**REQUIRED WORK:**
Skipping all images, output the listing word for word.

**RECORDED DATA:**
::::
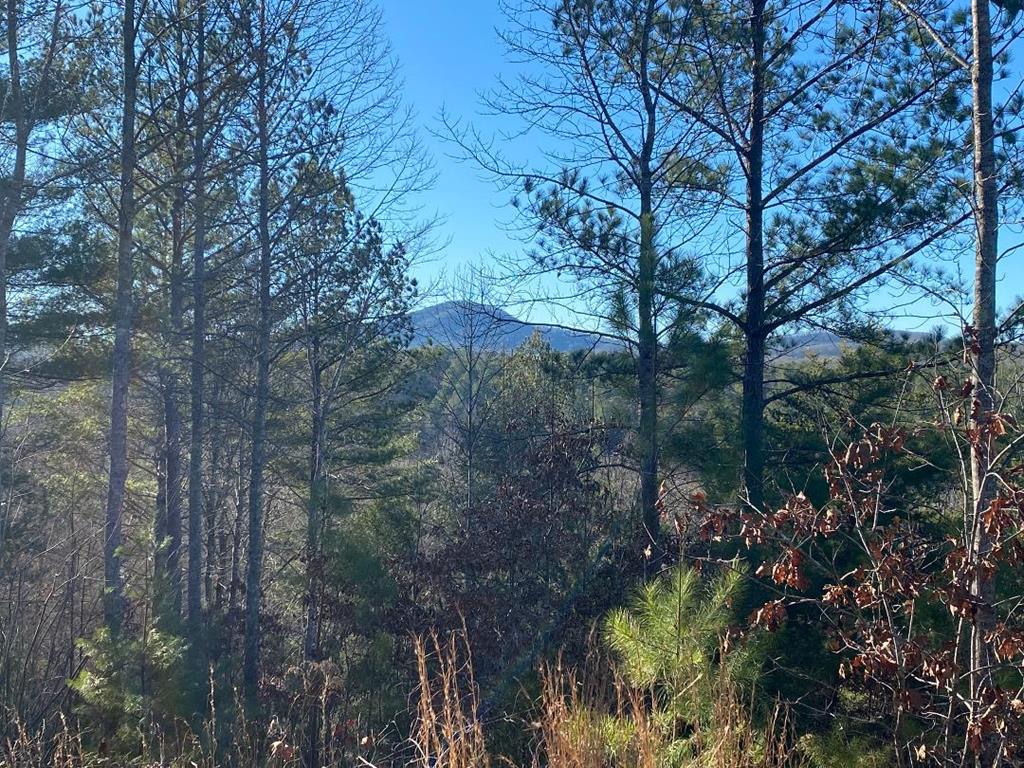 201 Cottage Lane Blairsville GA 30512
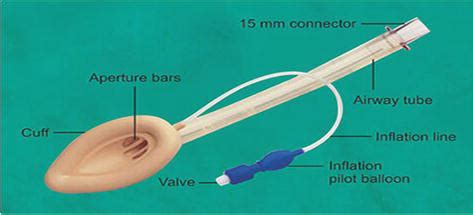 Image result for Patient Bad Example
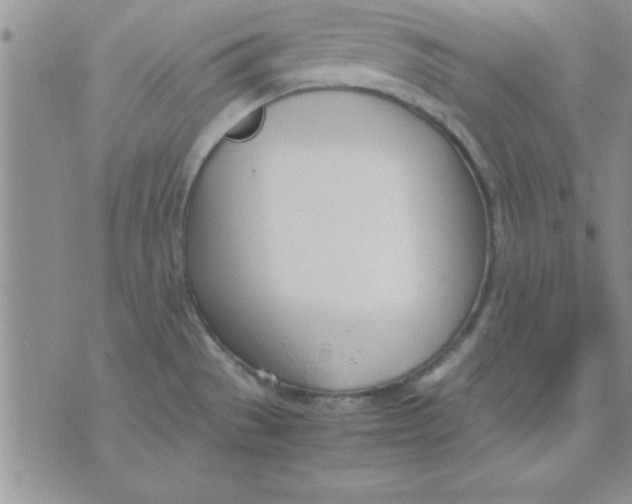 X0000071951529200607281956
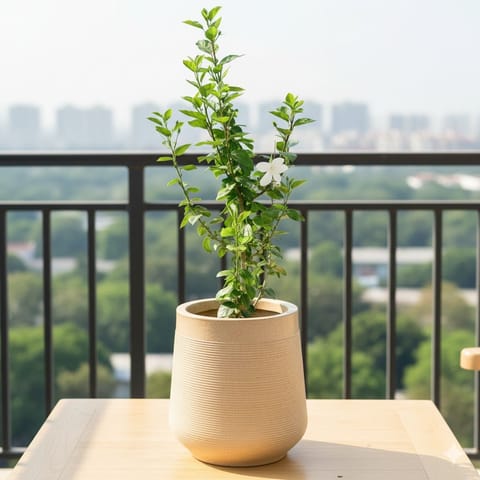 Hibiscus / Gudhal White in 12 X 12 Inch Sandstone Premium Sierra Fiberglass Planter- Durable large size decorative fiber pot for indoor outdoor plants with 5 year warranty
::::
**FINISHED EXERCISE:**
 201 Cottage Lane Blairsville GA 30512
 Image result for Patient Bad Example
 X0000071951529200607281956
 Hibiscus / Gudhal White in 12 X 12 Inch Sandstone Premium Sierra Fiberglass Planter- Durable large size decorative fiber pot for indoor outdoor plants with 5 year warranty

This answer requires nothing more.